Data provided —
Segment Open

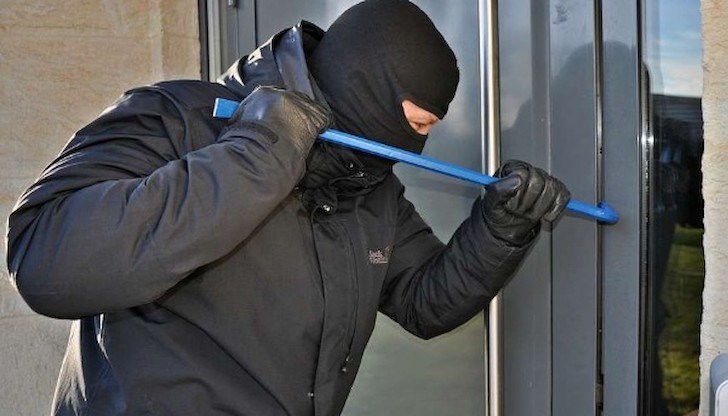 Мъжът е действал и в Дижон, Нарбон, Монпелие и на други места, като още от 2014 г. следователите от департамента в Рон, където се намира Лион, са открили повтарящ се ДНК профил на местопрестъпленията Мъжът е действал и в Дижон, Нарбон, Монпелие и на други места, като още от 2014 г. следователите от департамента в Рон, където се намира Лион, са открили повтарящ се ДНК профил на местопрестъпленията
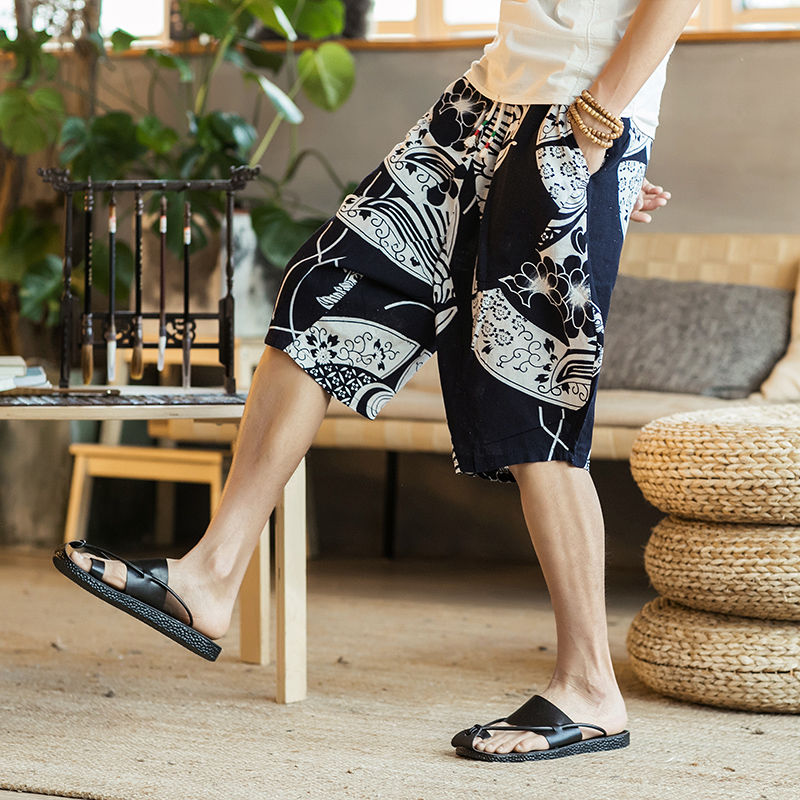 凡是来过中国的男人,都会带回几套这样中国风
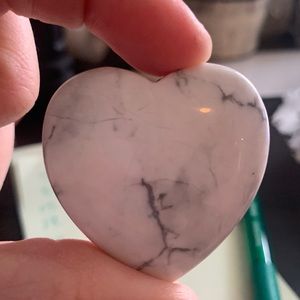 15. Howlite Heart 27 Grams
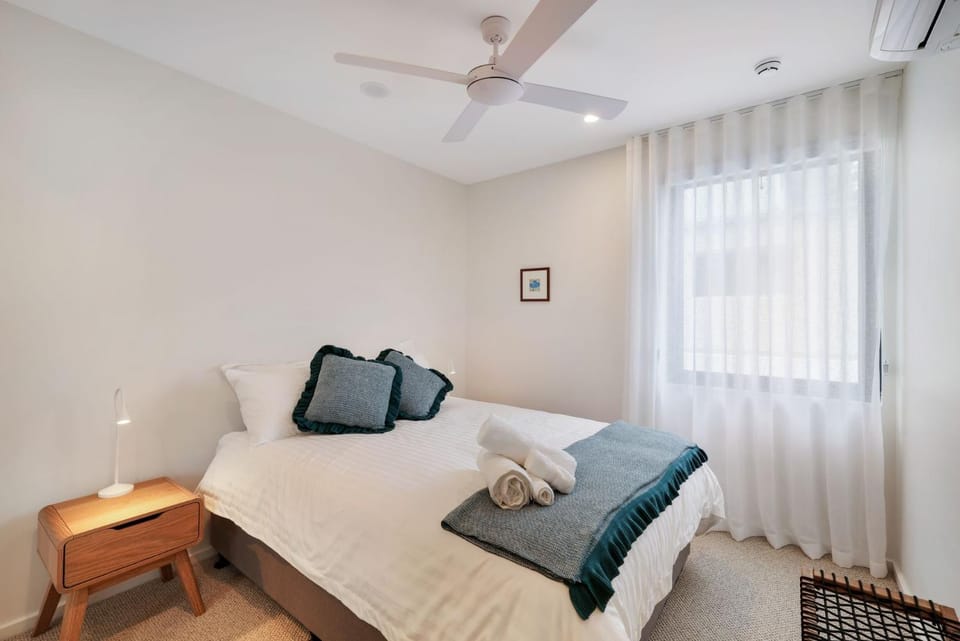Husky Beach Pad by Book Jervis Bay - Walk to the beach Apartment in Huskisson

Segment Closed

Repeat the listing above exactly, with no pictures.

Answer section —
 Мъжът е действал и в Дижон, Нарбон, Монпелие и на други места, като още от 2014 г. следователите от департамента в Рон, където се намира Лион, са открили повтарящ се ДНК профил на местопрестъпленията Мъжът е действал и в Дижон, Нарбон, Монпелие и на други места, като още от 2014 г. следователите от департамента в Рон, където се намира Лион, са открили повтарящ се ДНК профил на местопрестъпленията
 凡是来过中国的男人,都会带回几套这样中国风
 15. Howlite Heart 27 Grams
Husky Beach Pad by Book Jervis Bay - Walk to the beach Apartment in Huskisson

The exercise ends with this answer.